Annie's Law would require 1st-time DUI offenders to use ignition device

Annie's Law would require 1st-time DUI offenders to use ignition device
Push to get drunk driver's off the road. (Source: WOIO)
Push to get drunk driver's off the road. (Source: WOIO)

CLEVELAND, OH (WOIO) - "It just reinforces the fact that we have to continue to campaign to eliminate drunk driving," says Jeralyn Shimell.

Jeralyn Shimell is a victim service specialist for Mothers Against Drunk Driving of Northeastern Ohio. She's been there for families dealing with the devastating loss as a result of the actions of a drunken driver.
"Lord knows, I wish I could meet them under different circumstances, but, they're actually really amazing people, and their life has just been torn apart absolutely torn apart,"  says Shimell.
Like the family of 36-year-old Annie Rooney, killed by a drunk driver July 4, 2013 on U.S. Route 50 in Chillicothe.

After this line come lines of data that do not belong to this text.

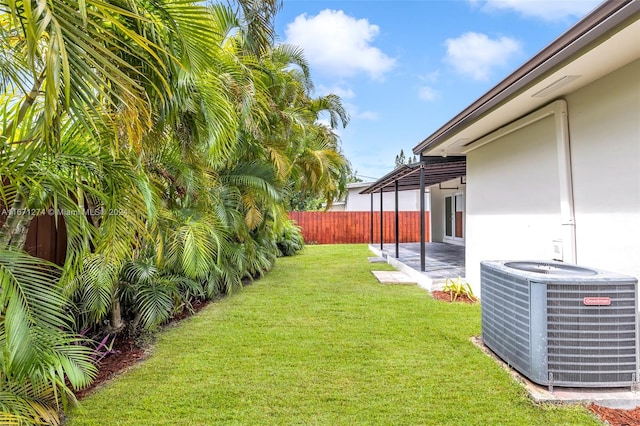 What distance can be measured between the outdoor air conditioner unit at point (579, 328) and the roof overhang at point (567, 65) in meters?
1.85

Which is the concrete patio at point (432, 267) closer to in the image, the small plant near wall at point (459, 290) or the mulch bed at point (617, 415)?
the small plant near wall at point (459, 290)

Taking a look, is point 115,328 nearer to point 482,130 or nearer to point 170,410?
point 170,410

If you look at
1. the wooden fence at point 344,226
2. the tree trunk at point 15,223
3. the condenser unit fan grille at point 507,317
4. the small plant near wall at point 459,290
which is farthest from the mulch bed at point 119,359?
the wooden fence at point 344,226

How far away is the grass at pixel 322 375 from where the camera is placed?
2.71 metres

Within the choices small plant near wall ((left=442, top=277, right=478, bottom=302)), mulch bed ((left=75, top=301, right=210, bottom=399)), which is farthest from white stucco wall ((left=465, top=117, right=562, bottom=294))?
mulch bed ((left=75, top=301, right=210, bottom=399))

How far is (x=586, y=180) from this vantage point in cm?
367

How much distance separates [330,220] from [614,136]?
1577cm

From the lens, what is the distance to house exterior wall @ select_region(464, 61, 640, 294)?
315 centimetres

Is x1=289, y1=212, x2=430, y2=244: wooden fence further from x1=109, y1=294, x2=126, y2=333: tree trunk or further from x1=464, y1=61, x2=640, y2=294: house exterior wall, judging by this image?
x1=109, y1=294, x2=126, y2=333: tree trunk

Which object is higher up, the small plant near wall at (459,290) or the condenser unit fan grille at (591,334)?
the condenser unit fan grille at (591,334)

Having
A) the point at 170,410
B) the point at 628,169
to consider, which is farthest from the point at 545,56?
the point at 170,410

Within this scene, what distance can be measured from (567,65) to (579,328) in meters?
2.27

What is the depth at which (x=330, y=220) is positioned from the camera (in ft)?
61.9

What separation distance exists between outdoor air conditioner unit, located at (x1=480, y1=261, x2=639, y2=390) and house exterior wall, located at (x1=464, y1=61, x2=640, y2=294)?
2.17ft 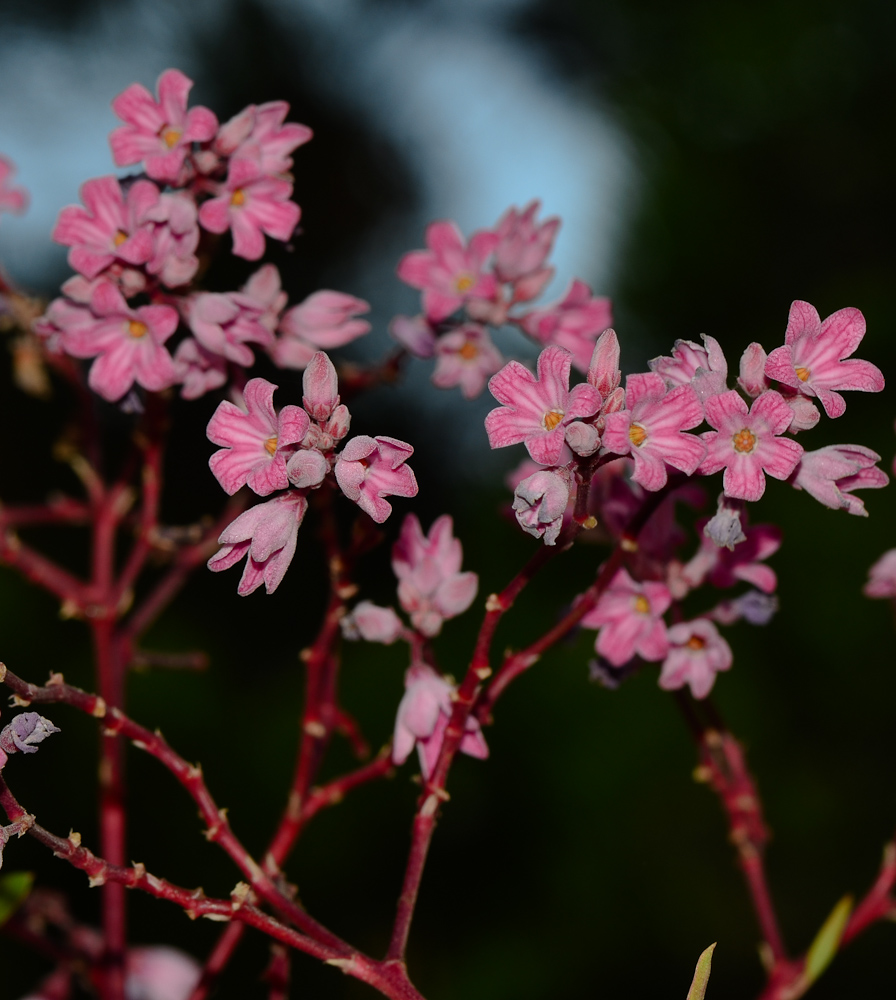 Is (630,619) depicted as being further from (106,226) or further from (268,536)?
(106,226)

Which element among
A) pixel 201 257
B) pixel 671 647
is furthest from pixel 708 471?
pixel 201 257

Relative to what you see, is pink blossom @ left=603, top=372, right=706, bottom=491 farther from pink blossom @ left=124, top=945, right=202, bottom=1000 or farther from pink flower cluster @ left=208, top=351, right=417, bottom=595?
pink blossom @ left=124, top=945, right=202, bottom=1000

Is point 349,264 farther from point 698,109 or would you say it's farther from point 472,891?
point 472,891

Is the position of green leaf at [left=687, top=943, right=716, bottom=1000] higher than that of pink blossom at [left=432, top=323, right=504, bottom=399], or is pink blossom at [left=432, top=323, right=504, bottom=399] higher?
pink blossom at [left=432, top=323, right=504, bottom=399]

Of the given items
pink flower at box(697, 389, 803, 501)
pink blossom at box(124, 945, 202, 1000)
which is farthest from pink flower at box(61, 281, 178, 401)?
pink blossom at box(124, 945, 202, 1000)

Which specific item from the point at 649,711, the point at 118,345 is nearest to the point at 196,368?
the point at 118,345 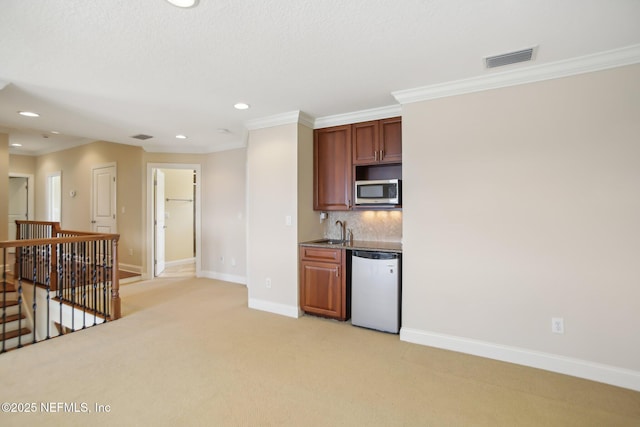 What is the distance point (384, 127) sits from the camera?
11.7ft

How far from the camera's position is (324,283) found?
12.1 ft

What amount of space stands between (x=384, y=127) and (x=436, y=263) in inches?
64.0

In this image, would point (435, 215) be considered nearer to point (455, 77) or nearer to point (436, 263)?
point (436, 263)

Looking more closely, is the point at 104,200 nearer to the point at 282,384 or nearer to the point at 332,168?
the point at 332,168

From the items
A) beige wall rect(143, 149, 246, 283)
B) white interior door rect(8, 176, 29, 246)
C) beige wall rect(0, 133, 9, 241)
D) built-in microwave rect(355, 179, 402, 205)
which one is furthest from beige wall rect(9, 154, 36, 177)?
built-in microwave rect(355, 179, 402, 205)

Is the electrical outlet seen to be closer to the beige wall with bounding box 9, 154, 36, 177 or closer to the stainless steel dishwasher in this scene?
the stainless steel dishwasher

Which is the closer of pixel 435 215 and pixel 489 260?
pixel 489 260

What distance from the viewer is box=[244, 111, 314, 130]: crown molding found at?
3751 millimetres

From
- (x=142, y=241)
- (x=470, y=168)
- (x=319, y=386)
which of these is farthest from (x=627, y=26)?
(x=142, y=241)

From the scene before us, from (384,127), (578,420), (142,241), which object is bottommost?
(578,420)

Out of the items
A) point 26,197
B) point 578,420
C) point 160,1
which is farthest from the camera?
point 26,197

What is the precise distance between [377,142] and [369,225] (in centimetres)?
107

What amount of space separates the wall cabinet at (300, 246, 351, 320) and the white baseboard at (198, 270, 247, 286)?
203cm

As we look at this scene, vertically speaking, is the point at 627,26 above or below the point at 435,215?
above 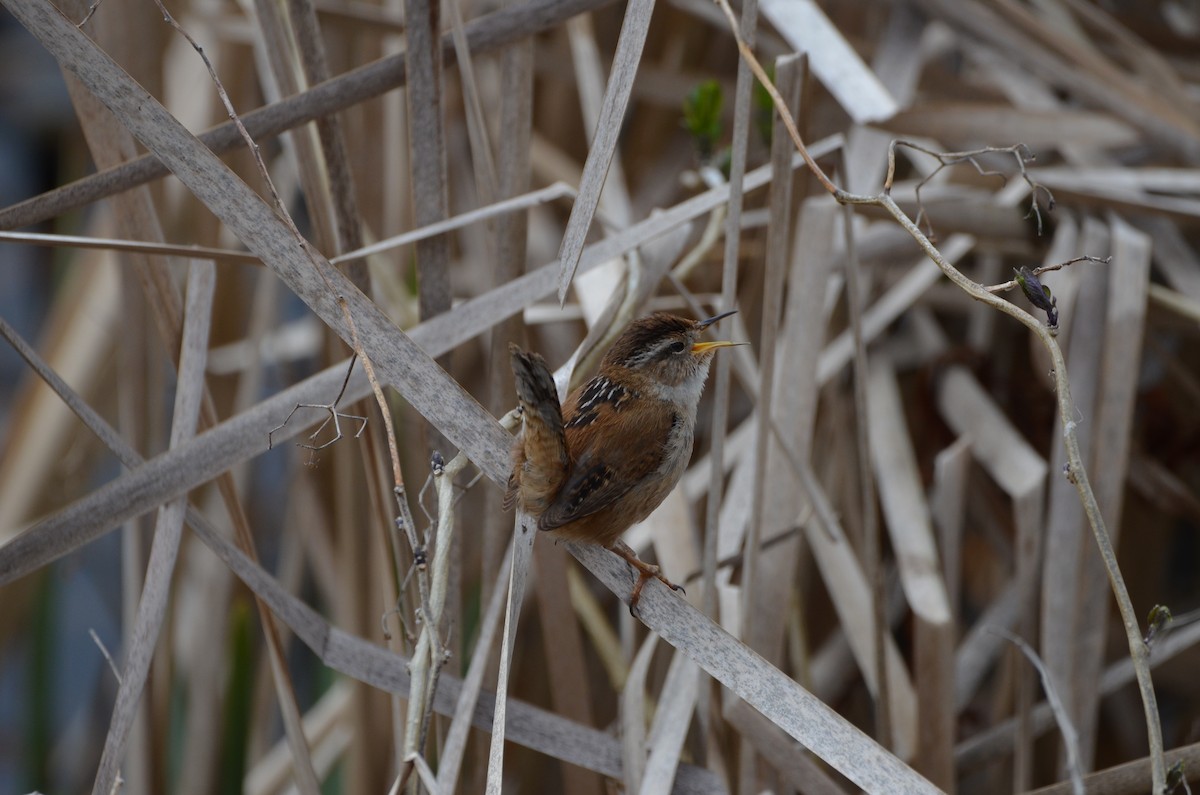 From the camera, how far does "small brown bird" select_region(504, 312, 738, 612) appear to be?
4.47 feet

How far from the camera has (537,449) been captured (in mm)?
1359

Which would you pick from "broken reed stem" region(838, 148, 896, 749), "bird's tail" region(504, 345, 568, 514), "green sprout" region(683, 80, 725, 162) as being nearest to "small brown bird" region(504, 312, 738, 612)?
"bird's tail" region(504, 345, 568, 514)

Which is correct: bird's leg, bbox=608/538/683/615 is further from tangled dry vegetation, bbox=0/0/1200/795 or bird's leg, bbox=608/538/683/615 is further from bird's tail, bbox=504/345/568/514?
bird's tail, bbox=504/345/568/514

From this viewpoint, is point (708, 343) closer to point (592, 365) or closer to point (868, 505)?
point (592, 365)

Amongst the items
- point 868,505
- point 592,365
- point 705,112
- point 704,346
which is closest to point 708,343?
point 704,346

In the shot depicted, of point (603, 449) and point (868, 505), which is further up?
point (603, 449)

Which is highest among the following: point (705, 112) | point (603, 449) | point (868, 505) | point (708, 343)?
point (705, 112)

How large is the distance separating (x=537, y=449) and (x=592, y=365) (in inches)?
15.8

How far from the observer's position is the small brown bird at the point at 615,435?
1.36 metres

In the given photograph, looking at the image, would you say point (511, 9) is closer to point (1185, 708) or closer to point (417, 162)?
point (417, 162)

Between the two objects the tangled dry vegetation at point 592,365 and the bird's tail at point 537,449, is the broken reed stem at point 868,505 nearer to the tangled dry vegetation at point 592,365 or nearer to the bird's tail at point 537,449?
the tangled dry vegetation at point 592,365

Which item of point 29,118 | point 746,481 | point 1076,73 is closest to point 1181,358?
point 1076,73

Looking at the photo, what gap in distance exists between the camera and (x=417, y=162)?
158cm

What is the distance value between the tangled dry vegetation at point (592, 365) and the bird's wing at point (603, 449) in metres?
0.10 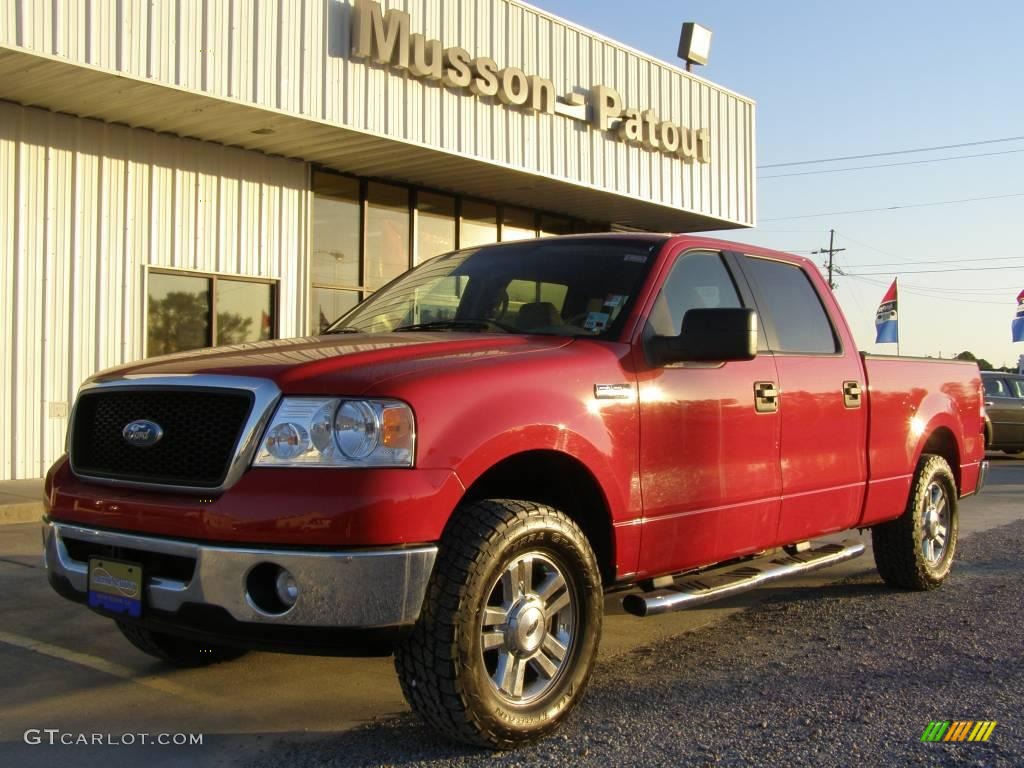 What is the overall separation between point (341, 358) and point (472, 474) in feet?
1.93

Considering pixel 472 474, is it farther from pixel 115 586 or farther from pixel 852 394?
pixel 852 394

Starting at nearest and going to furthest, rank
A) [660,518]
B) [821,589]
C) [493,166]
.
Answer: [660,518] → [821,589] → [493,166]

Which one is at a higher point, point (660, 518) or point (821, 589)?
point (660, 518)

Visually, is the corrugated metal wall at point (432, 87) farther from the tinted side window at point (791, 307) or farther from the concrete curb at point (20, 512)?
the tinted side window at point (791, 307)

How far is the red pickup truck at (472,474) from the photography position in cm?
319

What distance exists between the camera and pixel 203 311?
13.4 meters

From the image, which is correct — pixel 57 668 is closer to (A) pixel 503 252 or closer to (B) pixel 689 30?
(A) pixel 503 252

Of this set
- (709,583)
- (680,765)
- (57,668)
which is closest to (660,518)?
(709,583)

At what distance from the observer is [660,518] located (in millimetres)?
4215

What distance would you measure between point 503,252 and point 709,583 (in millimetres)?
1814

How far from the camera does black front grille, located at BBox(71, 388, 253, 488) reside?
335cm

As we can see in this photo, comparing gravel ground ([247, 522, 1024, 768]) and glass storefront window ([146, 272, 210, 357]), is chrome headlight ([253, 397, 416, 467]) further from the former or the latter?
glass storefront window ([146, 272, 210, 357])

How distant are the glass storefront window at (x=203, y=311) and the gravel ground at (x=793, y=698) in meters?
9.04

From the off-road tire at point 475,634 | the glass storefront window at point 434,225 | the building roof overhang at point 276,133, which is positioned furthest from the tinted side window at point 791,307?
the glass storefront window at point 434,225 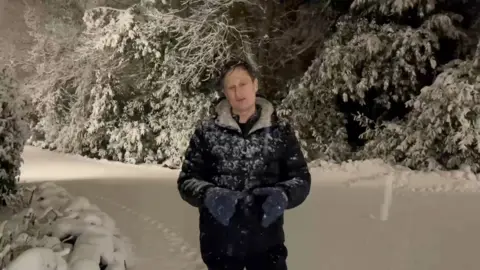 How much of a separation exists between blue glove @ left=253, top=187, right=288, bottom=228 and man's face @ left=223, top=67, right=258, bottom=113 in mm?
381

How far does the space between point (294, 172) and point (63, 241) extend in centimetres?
296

Since her death, MADD has been pushing to pass Ohio House Bill 469, better known as Annie's Law. It would require first-time offenders to use an ignition interlock device. It's basically a small Breathalyzer test attached to the car's ignition, meaning the car won't start if the driver is intoxicated.
Right now first time offenders have their license suspended. Shimmel says that doesn't prevent them from still getting behind the wheel drunk. But the interlock system could help reduce the crime.

"That's what we're trying to get passed that way there will be no license restrictions but you're going to have the interlock system in your car which will help keep tabs on any drinking," explains Shimell.

Shimmel says MADD's mission is an ongoing battle to end drunken driving, saving lives and the heartbreak of loved one's effected by someone's actions.

 "We have to start educating our youth. There has to be open communication to get them to understand the hazards of drinking and driving," says Shimell.
Since the inception of MADD, 400 drunken driving laws have been put on the books. They hope to have Annie's law passed within a year. Similar laws are in place in 25 other states.